### DIRECTIONS FOR THIS TASK:
Go through the listing that follows and write it out exactly. Drop the pictures.

### STORED DATA:

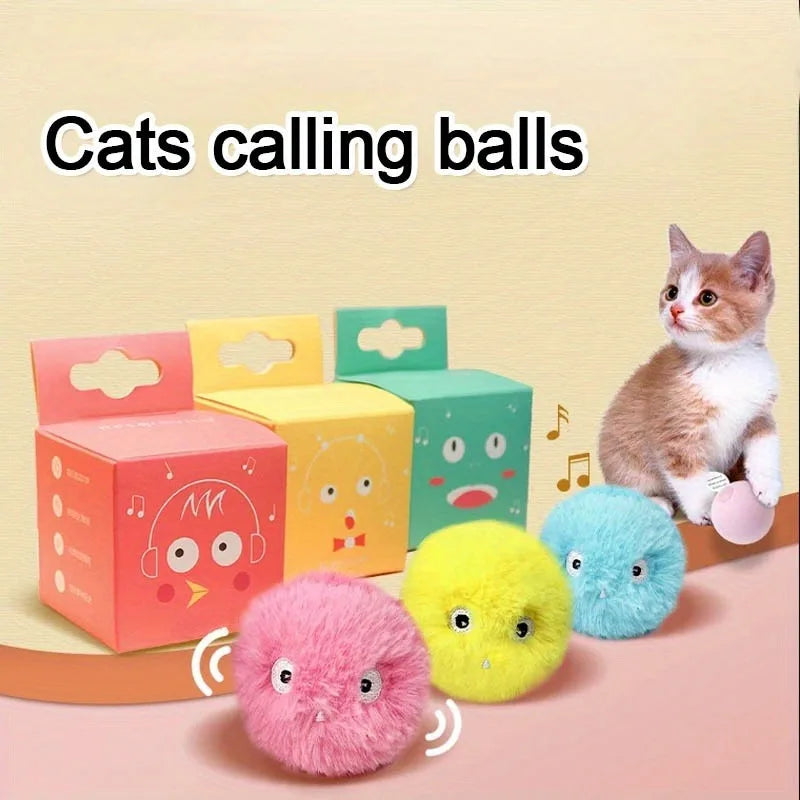 Plush Interactive Pet Ball – Electric Catnip Squeak Toy (1/3pcs)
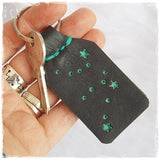 Personalized Constellation Leather Keychain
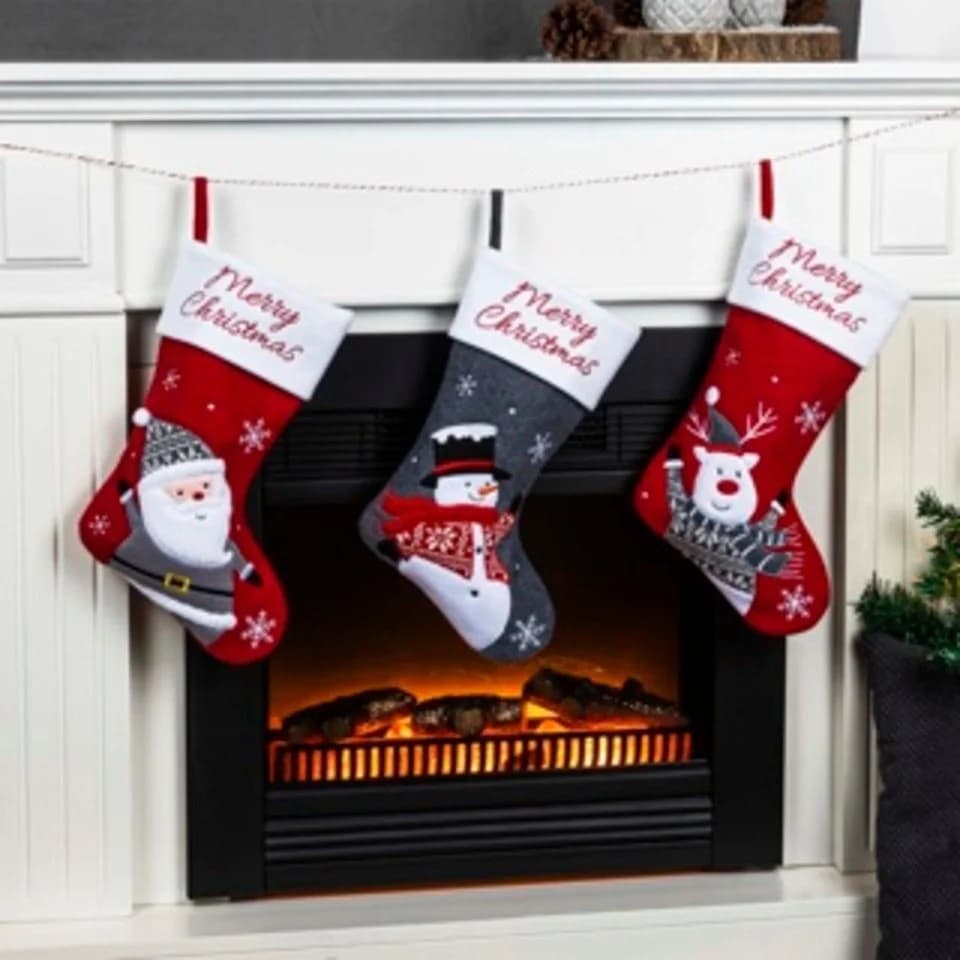 HI Nikolausstiefel Nikolaus-/Weihnachtsstrumpf 3fach sortiert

### ANSWER BOX:
 Plush Interactive Pet Ball – Electric Catnip Squeak Toy (1/3pcs)
 Personalized Constellation Leather Keychain
 HI Nikolausstiefel Nikolaus-/Weihnachtsstrumpf 3fach sortiert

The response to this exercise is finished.